Sounds great! Though perhaps add "Some compiler implementations may 
choose to enforce additional constraints beyond those required by the 
language." ( a reference to MVSC)

>> src/os_cpu/bsd_x86/vm/orderAccess_bsd_x86.inline.hpp
>> src/os_cpu/linux_x86/vm/orderAccess_linux_x86.inline.hpp
>>
>> In OrderAccess::fence doesn't the existing asm already act as a compiler
>> barrier; and on uniprocessor we need neither compiler nor hardware
>> barriers; so isn't the compiler_barrier() redundant?
>
> I saw this was already clarified. But yeah, even uniprocessor systems
> have concurrency. Therefore I added compiler barriers to properly
> protect even uniprocessor systems, that could previously suffer from
> data races involving unlikely yet possible compiler reorderings and
> context switches.

Yeah that was brain fart on my part ;-)

>>
>> ---
>>
>> src/os_cpu/bsd_zero/vm/orderAccess_bsd_zero.inline.hpp
>> src/os_cpu/linux_zero/vm/orderAccess_linux_zero.inline.hpp
>>
>> No comments - The Zero folk will need to approve this change in terminology.
>
> I didn't like talking about "read" and "write" barriers as it says
> little about what it actually means. And I also didn't like defining
> things like storestore/storeload etc. in terms of acquire/release and
> read/write barriers because I think it's weird. ;) That's why I changed
> this. But if the previous terminology is preferred, I'm fine with
> changing that.

I prefer what you have too :) But this isn't my code so the Zero folk 
(who?) need to give this their blessing (or else we leave it out and let 
them incorporate this later).

Ditto we need the ppc64 folk (Volker, Goetz) to also give their blessing.

>> src/os_cpu/solaris_sparc/vm/orderAccess_solaris_sparc.inline.hpp
>> src/os_cpu/solaris_sparc/vm/solaris_sparc.il
>>
>> You've removed the GNU_SOURCE ifdefs which means the new code has to be
>> tested using gcc on Solaris. We don't officially support that platform
>> so I have no way to verify these particular changes.
>
> Previously solaris studio did not support inline asm syntax. So the
> solaris studio variant used .il assembly instead while the GNU_SOURCE
> variant used inline asm.
>
> But since this is nowadays supported by solaris studio too, I joined
> them into one. Not only because it's nicer to unify, but because I need
> the compiler barrier constraints that inline asm can give us. I don't
> know the compiler reordering constraints are guaranteed when calling
> external assembly. So better make it explicit and safe.

Totally fine with making use of Solaris Studio's modern capabilities, 
only minor concern is no way to test gcc on Solaris. But unless someone 
else screams about this I'm happy to assume that gcc will still be okay.

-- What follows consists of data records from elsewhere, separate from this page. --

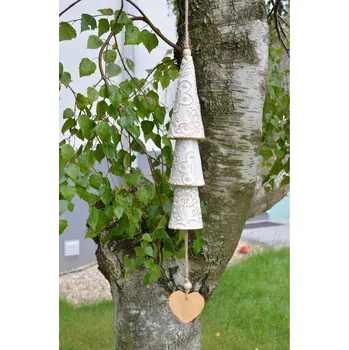 Keramická zvonkohra Barva: Bílá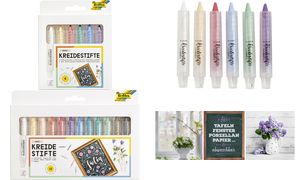 Folia krijtstiften set gekleurd gesorteerd 6 stuks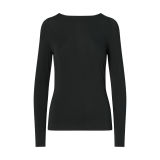 Cowl-Back Jersey Tee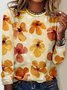 Floral Jersey Loose Casual T-Shirt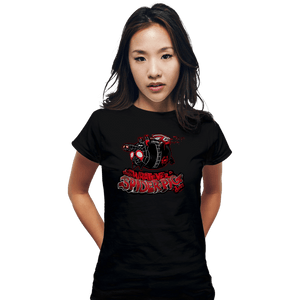 Secret_Shirts Fitted Shirts, Woman / Small / Black Spider-Pig - 1610
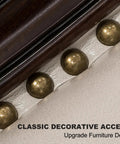 Legit Heavy Duty Antique Brass Upholstery Tacks 500 Piece Bulk Kit 7 16 Inch Dome Nailhead Trim on leather furniture detail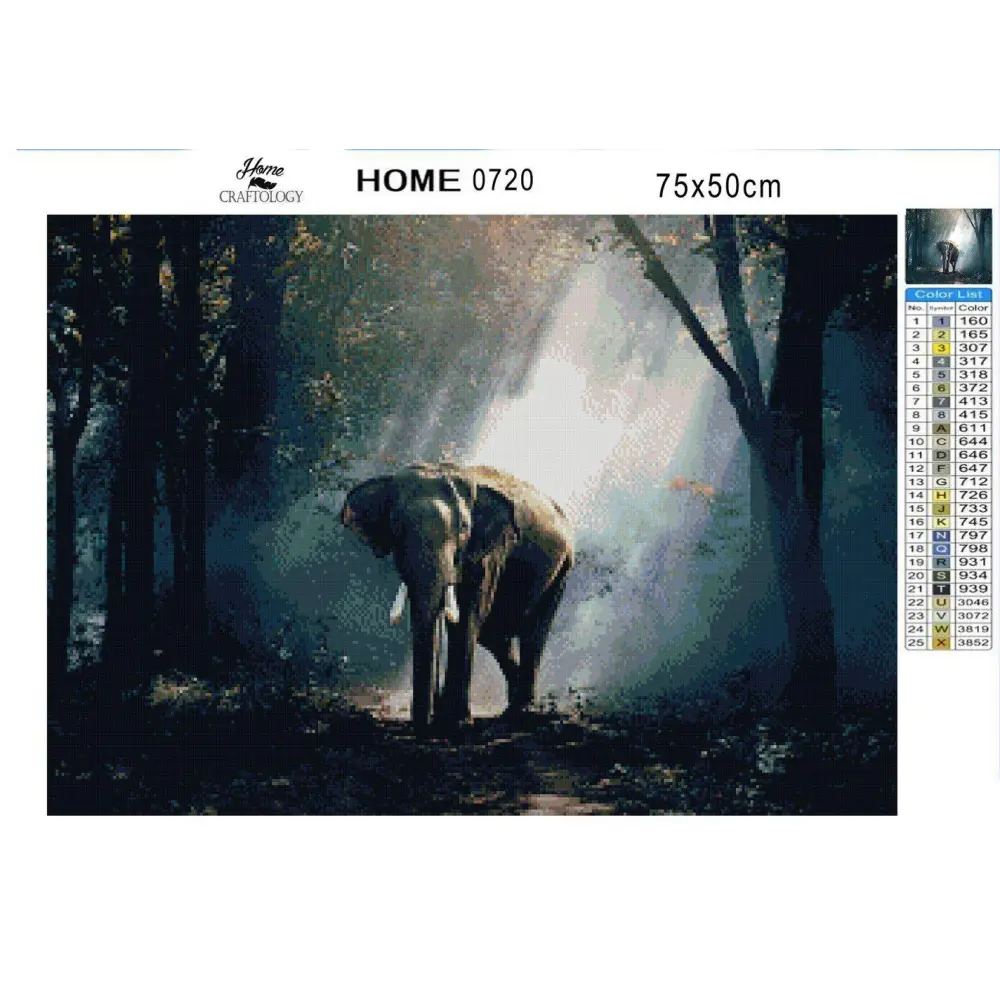 Elephant in the Forest - Diamond Painting Kit - Home Craftology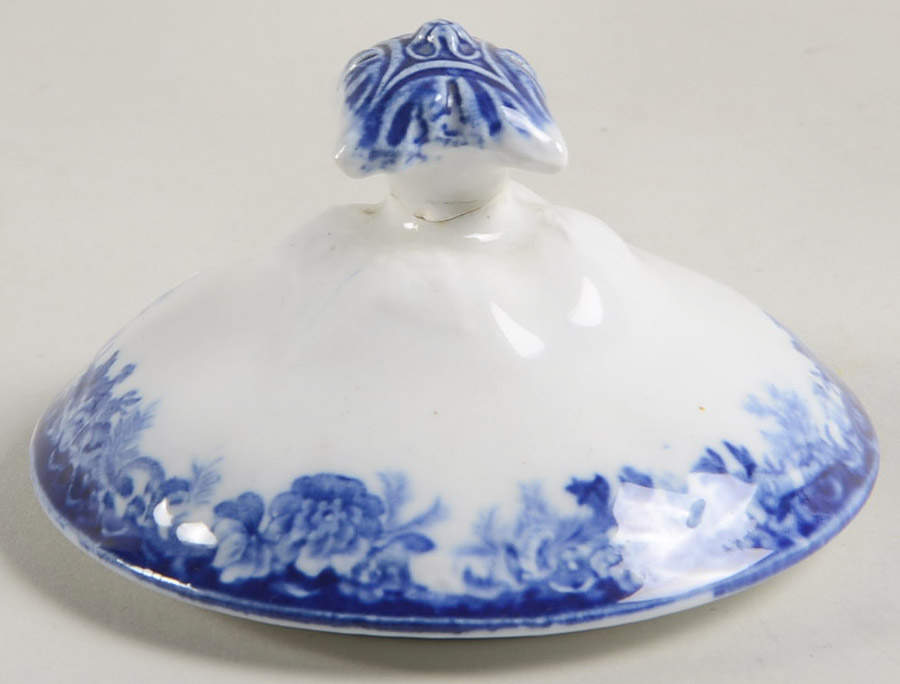 Togo (Flow Blue) Lid for Sugar Bowl by F Winkle-1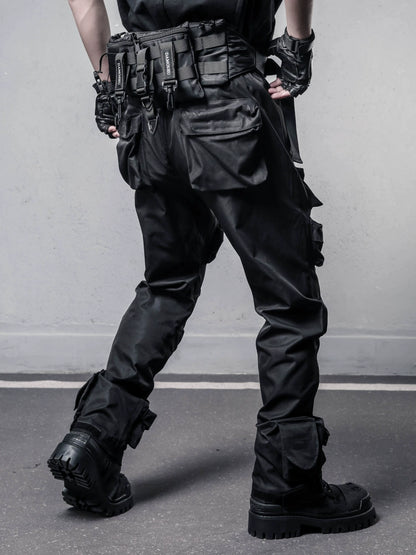 Multi Pocket Straight Cargo Pants WN22357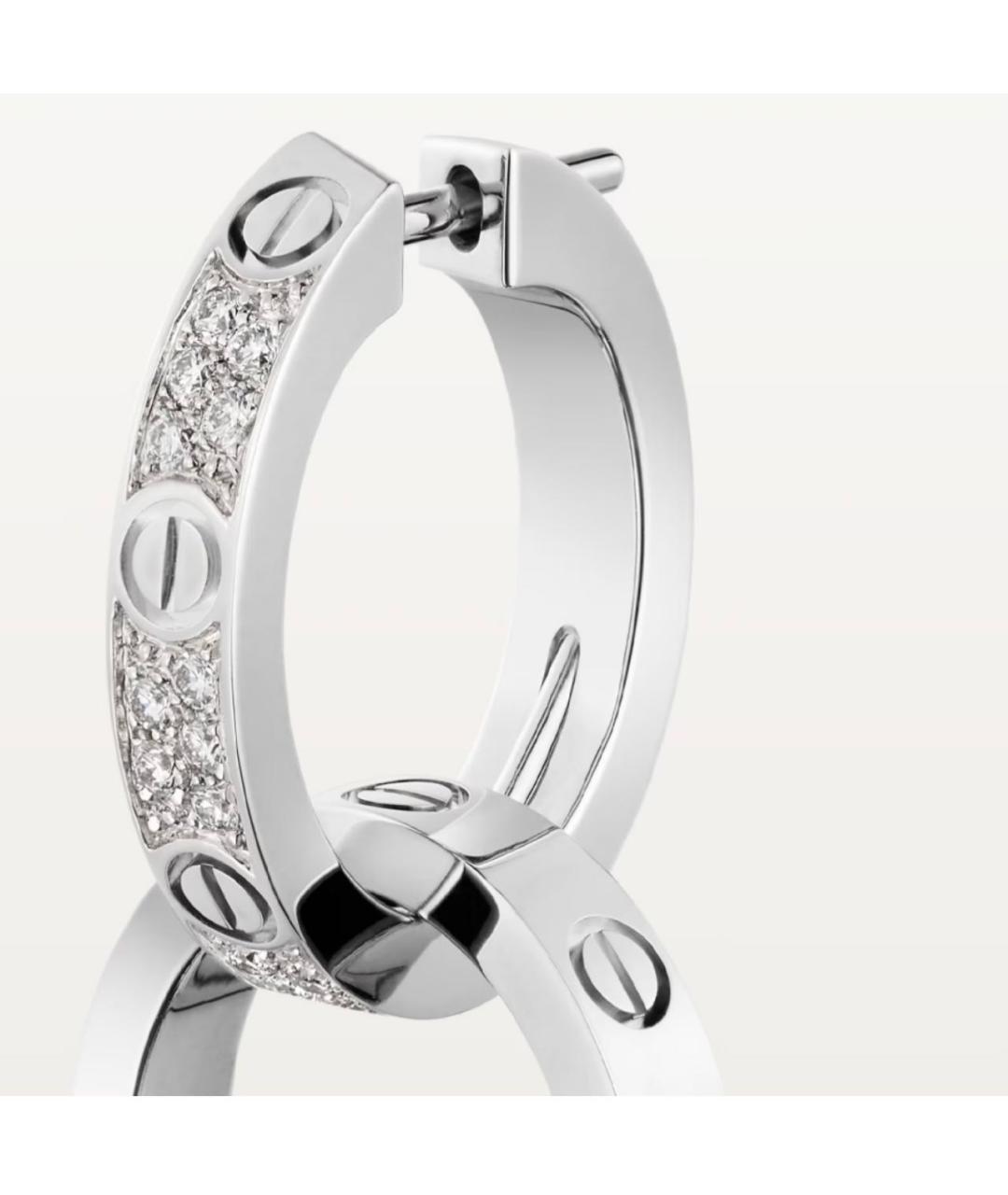 CARTIER Серебряные серьги из белого золота, фото 7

>> src/os_cpu/solaris_x86/vm/orderAccess_solaris_x86.inline.hpp
>> src/os_cpu/solaris_x86/vm/solaris_x86_32.il
>> src/os_cpu/solaris_x86/vm/solaris_x86_64.il
>>
>> I think it makes sense to use the same code here as the linux x86
>> version. But as above can't verify this for gcc on Solaris; also query
>> about need for compiler_barrier() in fence().
>
> Same goes here as above. Solaris studio used to not support inline asm.
> So I joined the variants relevant for correctness fixes. But of course,
> it would be possible to add the optimizations from x86 bsd/linux as
> well. But I wanted to keep optimizations out of this changeset as I
> think it is already a lot to review without the addition of new
> optimizations. So if you don't mind, I'd like to defer that until the
> correctness fixes are in place.

Okay.

>> Do you have a reference to the MSVC volatile semantics?
>
> https://msdn.microsoft.com/en-us/library/12a04hfd(v=vs.100).aspx
>
> Release:
> "A write to a volatile object (volatile write) has Release semantics; a
> reference to a global or static object that occurs before a write to a
> volatile object in the instruction sequence will occur before that
> volatile write in the compiled binary."
>
> Acquire:
> "A read of a volatile object (volatile read) has Acquire semantics; a
> reference to a global or static object that occurs after a read of
> volatile memory in the instruction sequence will occur after that
> volatile read in the compiled binary."
>
> Should fit our model right for compiler reordering.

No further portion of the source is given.